Previous such attention was hard to come by from 1983-2005, when John Elway, Brian Griese and Jake Plummer held the job mostly without question, Griese’s premature promotion in 1999 notwithstanding. Peyton Manning enjoyed this status for 3.5 years as well. Not coincidentally, the Broncos’ offense was at its best during these years.
In between, some critical names in the franchise’s history proved to set up the current roster with its latest dilemma.
The 2006 transfer from Plummer to Jay Cutler proved to be the most awkward, with Mike Shanahan likely depriving his team of a fourth straight playoff berth by plugging the soon-to-be polarizing passer into the lineup late in the season. This kind of serves as a higher-end Siemian-Lynch scenario, but Plummer had accomplished far more in Denver than Siemian obviously has. Like Lynch, Cutler required the Broncos to trade up in the draft. His selection also led to the end of one era and laid the groundwork for the Broncos’ rebirth years later.
Denver picking Cutler and putting pressure on its solid incumbent helped stall a veteran team, with Cutler going 2-3 in his late-season debut. The last such start knocked the Broncos out of the playoffs, where they wouldn’t again appear for five years. Just 32 at the time, Plummer then retired, and Cutler led two middling Broncos teams before being traded and leaving the Broncos without a franchise quarterback.
This vacancy proved quite important since the franchise isn’t on the level it is today if Cutler had stuck around and prevented a realistic run at Manning.
The 2006 switch proved to be the most mishandled of these job transfers and showed what can happen when a perceived higher ceiling commodity takes precedence over stability a bit early.
Kyle Orton-Tim Tebow came with by far the lowest stakes of these situations. Moving to Tebow looked like a stealth tanking job by Elway and John Fox. The unconventional quarterback looked prime to place the Broncos on course to land a top-10 quarterback in 2012. It also proved to be the easiest call since the team, then 1-4, had little to lose in Fox’s first year and had seen all it needed to see from Orton.
Tebow surprising the football universe with well-timed spurts of competency lifted the Broncos away from the Andrew Luck/Robert Griffin III/Ryan Tannehill range and into a late-first-round window. The result of this competition reverted Orton back to the journeyman route after two-plus seasons of mediocrity, and Elway correctly identifying that Tebow’s paths to victory were unsustainable led to him going all-in for Manning.

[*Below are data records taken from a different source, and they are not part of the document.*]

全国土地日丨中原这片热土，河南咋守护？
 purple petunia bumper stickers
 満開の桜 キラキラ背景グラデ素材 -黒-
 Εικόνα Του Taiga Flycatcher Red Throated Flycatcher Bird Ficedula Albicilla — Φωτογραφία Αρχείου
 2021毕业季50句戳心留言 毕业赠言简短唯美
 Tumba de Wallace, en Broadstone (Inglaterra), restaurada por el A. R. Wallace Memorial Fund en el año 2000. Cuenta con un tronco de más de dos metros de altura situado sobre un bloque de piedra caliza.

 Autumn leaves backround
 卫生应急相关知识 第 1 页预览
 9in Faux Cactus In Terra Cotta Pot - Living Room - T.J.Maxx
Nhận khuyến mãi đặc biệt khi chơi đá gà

This was the flukiest of the franchise’s major in-season transfers, but the subsequent offseason showed Elway to be a bold decision-maker after a first year that didn’t involve those kinds of splash moves.
Manning-Osweiler ending how it did changed this year’s Broncos signal-caller makeup exponentially.
The future Hall of Famer resuming his post helped guide Osweiler to Houston, and Denver going on to win the Super Bowl magnified this transition period. Had the Broncos faltered, their post-Manning plan wouldn’t have been as scrutinized. The team winning a title moved 2016’s events onto historic ground due to a previous defending champion never conjuring up any solution quite like this.
Last year’s multiple substitutions illustrated Gary Kubiak’s instincts and solidified him as the kind of leader the Broncos haven’t had since Shanahan. How Kubiak managed Manning’s removal and reinsertion should instill a sense of confidence among Broncos fans in the coach’s grasp of his current quarterback quandary.
How Siemian performs Monday night will also show what kind of impact Kubiak’s absence had on the offense against the Chargers.
It was likely a big deal, Kubiak being the primary game-planner and play-caller and all. Rick Dennison operates in the shadow of Kubiak much like the current sideline boss did when he was offensive coordinator under Shanahan, who held total control over the Griese-, Plummer- and Cutler-era attacks. Now that Manning’s retired, Kubiak wields the same kind of power — and had the team on course for another run at a first-round bye before Siemian’s injury.
If Siemian can shake off an outing that appeared to show the kind of limitations that caused him to be a seventh-round pick, it will give the Broncos the kind of stability they currently lack. Another shaky showing accelerates Lynch’s clock, and as Plummer-Cutler showed, that’s not a good recipe for a veteran to succeed.
Denver will have to deal with this at some point this season just as it did in 2006, 2011 and 2015.
How the current quarterback looks against the player who was supposed to be this year’s starter will help determine when this issue will morph into a controversy.